That's right. Forgetting about the black aspect of it. If it succeeded as an all black town, it would be defeating my objectives. Because I believe that the force of the new town concept is a strong sociopolitical-economic force that deals with every imaginable problem that we have in American society. We can focus it on one and we can bring together, you know, the private sector and we can bring together industry, government, and educational resources to really build the town free of racism. I'm still an integrationist. I've often said that I was a cultural nationalist, when I say a cultural black nationalist, I accept what I am and I'm proud of what I am. My ancestry is Africa and you know, all that. But, I'm an American and I don't want to be anything else but that.
WALTER DEVRIES:
Where do you stand right now? Do you think this new town concept is going to succeed?

FLOYD McKISSICK:

Yeah.
WALTER DEVRIES:
What will the impact be on, say, the rest of this state and the South? Forget about the nation for a moment. Where do you see that going?

FLOYD McKISSICK:

I can't give you a clear-cut answer, but its total impact is going to be to let America see that there is a solution to many of the problems that we have. It will also let the state know that the state has participated and supported this project. I doubt that other states could have gotten the support that this project has gotten from the state of North Carolina. The state of North Carolina will benefit economically by having a project like this. A project like this appeals to the self-interest of people.
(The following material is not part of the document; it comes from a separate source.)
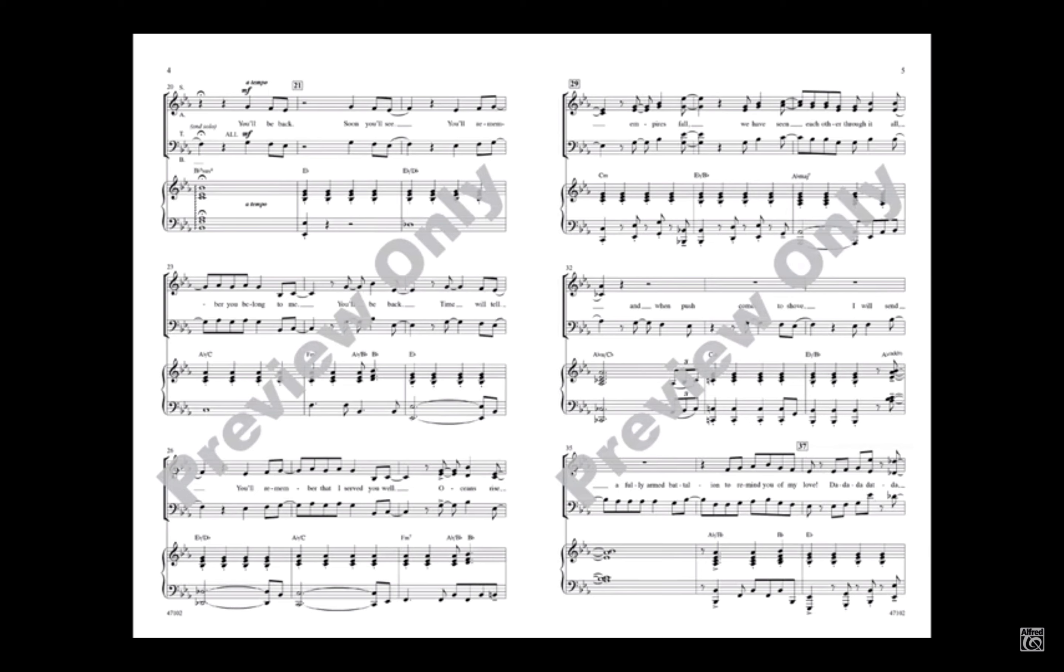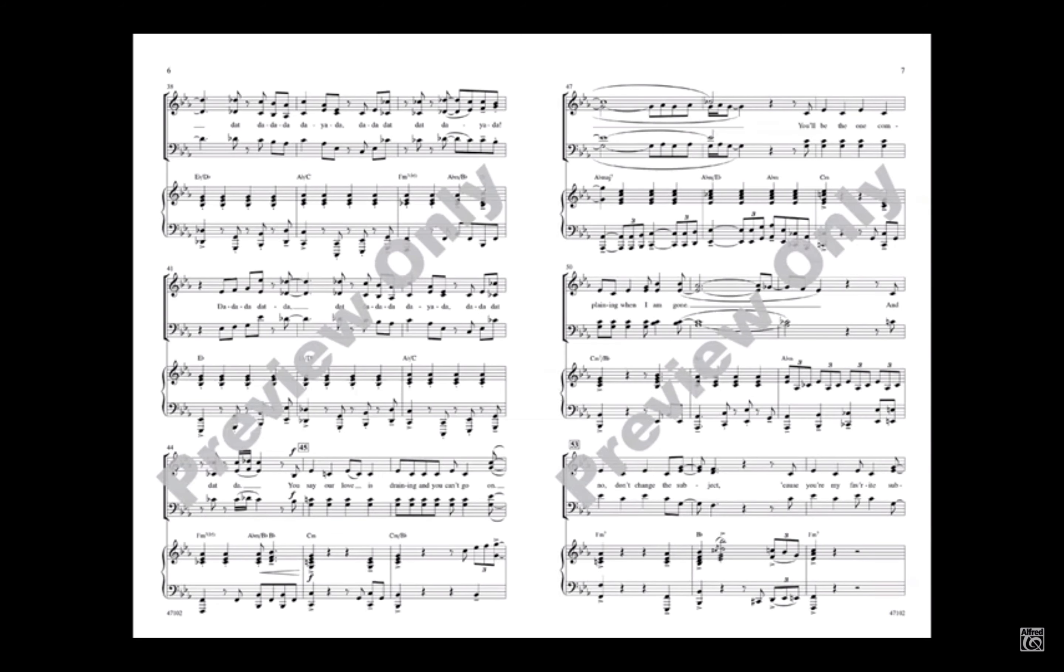Oceans rise, empires fall. We have seen each other through it all. And when push comes to shove, I will send a fully armed battalion to remind you of my love. You say, the price of my love's not a price that you're willing to pay.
It opens thousands of opportunities, not just full employment, but upward mobility of employment to agree with the psychological man and his ego, to a great extent. Rather than throwing people together in a highly competitive society where there are only four or five leadership roles, Soul City opens up thousands of leadership roles, as compared to that. I think that by having those leadership roles available, it increases the quality of people. I think that will be here.
WALTER DEVRIES:
This really intrigues me. You take something like delivery of health services, do you see the way that you are going to set that up as kind of a model for an urban environment? Or the way you are going to deliver educational services and so on? Are you going to be doing that differently than other urban places have done?

FLOYD McKISSICK:

Well, I think that we are going to be ... Soul City is somewhat experimental. And we don't make rules to be different.
WALTER DEVRIES:
I mean, are you going to have the same models?

FLOYD McKISSICK:

But we are flexible enough to accomplish the objectives that we seek. And we were talking about being solution-oriented. We don't think that what has gone on, we are debating now as to what kind of tax structure do you want? Or the use of tax funds. Can they not include transportation? So, all of our transportation could be free. So these are the kind of concepts that we deal with here as opposed to being in, say, the Raleigh or Durham area, where you are just wasting time even talking about dealing with one of those concepts. My time is running short.

JACK BASS:

Let me ask you one quick question. Getting back to North Carolina politics, what is your perception of the role of Terry Sanford in this state and how significant was his administration? During this twenty-five year period?

FLOYD McKISSICK:

Well, I think he played a very significant role in North Carolina politics. I think that his role cannot be underestimated. You can see facts of what Terry Sanford has done in a number of ways. I knew him ...

JACK BASS:

Can you give me a couple of examples?

FLOYD McKISSICK:

I think the educational system. He concentrated on education and he's written a number of books, and he used education to permeate the whole political system. It just permeated the whole political system. To be fully aware of education. And you look at where North Carolina schools were when he came in and when he went out. See, he was a gifted man and he could meet and associate with anybody. He took strong stands when it was time for him to take strong stands. He took them and he made the movement. He was never a coward. If he told you he was going to do something, he did it. If he wasn't going to do something, he didn't do it. If you know him personally ... he has rendered some assistance on this project, for example. Duke works with us in some ways on the Soul City project.

JACK BASS:

I think you said that he rasied the level of consciousness about education. Do you think that is one of the factors that resulted in overwhelming approval of this major bond issue this year? Did that lead to that, is there a sort of cause and affect relation?

FLOYD McKISSICK:

Well, Terry Sanford, used, while he was governor, he became the teacher for North Carolina, in a subconscious way. He changed so darned many people's attitudes. In education, he became the teacher of attitudes in the state of North Carolina. He brought people together by his public statements and his remarks. I don't know whether many people realize just how effectively he could build attitudes so rapidly in this state by virtue of his committment to education. And so many people ... well, I'd say that when you talk about education, I think that he would have pretty near ninety-eight percent of the people with him, that quoted him on educational issues, and that same support would go in other areas whenever he needed it.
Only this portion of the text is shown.